Web page caption snippets –

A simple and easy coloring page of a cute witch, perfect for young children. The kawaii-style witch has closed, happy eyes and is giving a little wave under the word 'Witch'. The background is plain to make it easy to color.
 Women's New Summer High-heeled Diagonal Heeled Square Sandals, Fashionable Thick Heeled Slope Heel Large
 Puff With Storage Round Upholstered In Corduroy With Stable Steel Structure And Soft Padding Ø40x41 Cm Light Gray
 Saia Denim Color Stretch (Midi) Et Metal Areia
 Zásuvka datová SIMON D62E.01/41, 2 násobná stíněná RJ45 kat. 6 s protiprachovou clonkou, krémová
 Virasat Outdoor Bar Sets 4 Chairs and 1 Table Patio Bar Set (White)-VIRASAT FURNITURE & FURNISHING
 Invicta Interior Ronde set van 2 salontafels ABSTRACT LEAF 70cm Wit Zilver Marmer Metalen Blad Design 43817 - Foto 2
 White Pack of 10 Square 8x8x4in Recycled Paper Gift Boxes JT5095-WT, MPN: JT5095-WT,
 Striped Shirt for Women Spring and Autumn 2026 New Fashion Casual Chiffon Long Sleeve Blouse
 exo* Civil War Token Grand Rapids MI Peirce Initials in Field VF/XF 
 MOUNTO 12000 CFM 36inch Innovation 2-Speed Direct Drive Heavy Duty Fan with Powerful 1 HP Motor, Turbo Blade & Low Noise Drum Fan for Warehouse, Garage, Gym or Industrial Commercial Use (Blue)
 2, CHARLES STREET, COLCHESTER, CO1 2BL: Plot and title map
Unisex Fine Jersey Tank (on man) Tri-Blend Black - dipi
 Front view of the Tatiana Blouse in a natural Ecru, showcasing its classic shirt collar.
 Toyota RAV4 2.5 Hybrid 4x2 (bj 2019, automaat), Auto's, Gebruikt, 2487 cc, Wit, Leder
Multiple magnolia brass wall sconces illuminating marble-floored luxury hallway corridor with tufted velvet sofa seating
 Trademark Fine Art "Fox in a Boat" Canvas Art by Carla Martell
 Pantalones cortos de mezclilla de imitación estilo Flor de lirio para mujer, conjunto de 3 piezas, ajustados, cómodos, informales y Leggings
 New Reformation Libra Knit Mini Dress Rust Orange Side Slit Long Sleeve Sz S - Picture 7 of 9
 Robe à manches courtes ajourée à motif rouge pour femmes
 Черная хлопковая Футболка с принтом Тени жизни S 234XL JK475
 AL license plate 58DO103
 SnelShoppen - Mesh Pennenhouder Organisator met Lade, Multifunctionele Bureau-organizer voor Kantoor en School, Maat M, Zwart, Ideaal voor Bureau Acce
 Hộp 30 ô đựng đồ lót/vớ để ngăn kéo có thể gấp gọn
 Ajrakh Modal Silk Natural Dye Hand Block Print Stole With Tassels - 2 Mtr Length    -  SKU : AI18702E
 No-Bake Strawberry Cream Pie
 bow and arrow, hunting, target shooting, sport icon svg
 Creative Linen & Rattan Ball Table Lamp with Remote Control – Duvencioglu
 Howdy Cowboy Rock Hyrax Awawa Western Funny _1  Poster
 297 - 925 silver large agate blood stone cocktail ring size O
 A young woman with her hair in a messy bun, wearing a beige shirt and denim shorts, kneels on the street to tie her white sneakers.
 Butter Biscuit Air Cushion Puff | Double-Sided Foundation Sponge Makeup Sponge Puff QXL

WHAT IS NEEDED –
Having read the entries, repeat them all exactly.

SOLUTION FOR THIS TASK –
A simple and easy coloring page of a cute witch, perfect for young children. The kawaii-style witch has closed, happy eyes and is giving a little wave under the word 'Witch'. The background is plain to make it easy to color.
 Women's New Summer High-heeled Diagonal Heeled Square Sandals, Fashionable Thick Heeled Slope Heel Large
 Puff With Storage Round Upholstered In Corduroy With Stable Steel Structure And Soft Padding Ø40x41 Cm Light Gray
 Saia Denim Color Stretch (Midi) Et Metal Areia
 Zásuvka datová SIMON D62E.01/41, 2 násobná stíněná RJ45 kat. 6 s protiprachovou clonkou, krémová
 Virasat Outdoor Bar Sets 4 Chairs and 1 Table Patio Bar Set (White)-VIRASAT FURNITURE & FURNISHING
 Invicta Interior Ronde set van 2 salontafels ABSTRACT LEAF 70cm Wit Zilver Marmer Metalen Blad Design 43817 - Foto 2
 White Pack of 10 Square 8x8x4in Recycled Paper Gift Boxes JT5095-WT, MPN: JT5095-WT,
 Striped Shirt for Women Spring and Autumn 2026 New Fashion Casual Chiffon Long Sleeve Blouse
 exo* Civil War Token Grand Rapids MI Peirce Initials in Field VF/XF 
 MOUNTO 12000 CFM 36inch Innovation 2-Speed Direct Drive Heavy Duty Fan with Powerful 1 HP Motor, Turbo Blade & Low Noise Drum Fan for Warehouse, Garage, Gym or Industrial Commercial Use (Blue)
 2, CHARLES STREET, COLCHESTER, CO1 2BL: Plot and title map
Unisex Fine Jersey Tank (on man) Tri-Blend Black - dipi
 Front view of the Tatiana Blouse in a natural Ecru, showcasing its classic shirt collar.
 Toyota RAV4 2.5 Hybrid 4x2 (bj 2019, automaat), Auto's, Gebruikt, 2487 cc, Wit, Leder
Multiple magnolia brass wall sconces illuminating marble-floored luxury hallway corridor with tufted velvet sofa seating
 Trademark Fine Art "Fox in a Boat" Canvas Art by Carla Martell
 Pantalones cortos de mezclilla de imitación estilo Flor de lirio para mujer, conjunto de 3 piezas, ajustados, cómodos, informales y Leggings
 New Reformation Libra Knit Mini Dress Rust Orange Side Slit Long Sleeve Sz S - Picture 7 of 9
 Robe à manches courtes ajourée à motif rouge pour femmes
 Черная хлопковая Футболка с принтом Тени жизни S 234XL JK475
 AL license plate 58DO103
 SnelShoppen - Mesh Pennenhouder Organisator met Lade, Multifunctionele Bureau-organizer voor Kantoor en School, Maat M, Zwart, Ideaal voor Bureau Acce
 Hộp 30 ô đựng đồ lót/vớ để ngăn kéo có thể gấp gọn
 Ajrakh Modal Silk Natural Dye Hand Block Print Stole With Tassels - 2 Mtr Length    -  SKU : AI18702E
 No-Bake Strawberry Cream Pie
 bow and arrow, hunting, target shooting, sport icon svg
 Creative Linen & Rattan Ball Table Lamp with Remote Control – Duvencioglu
 Howdy Cowboy Rock Hyrax Awawa Western Funny _1  Poster
 297 - 925 silver large agate blood stone cocktail ring size O
 A young woman with her hair in a messy bun, wearing a beige shirt and denim shorts, kneels on the street to tie her white sneakers.
 Butter Biscuit Air Cushion Puff | Double-Sided Foundation Sponge Makeup Sponge Puff QXL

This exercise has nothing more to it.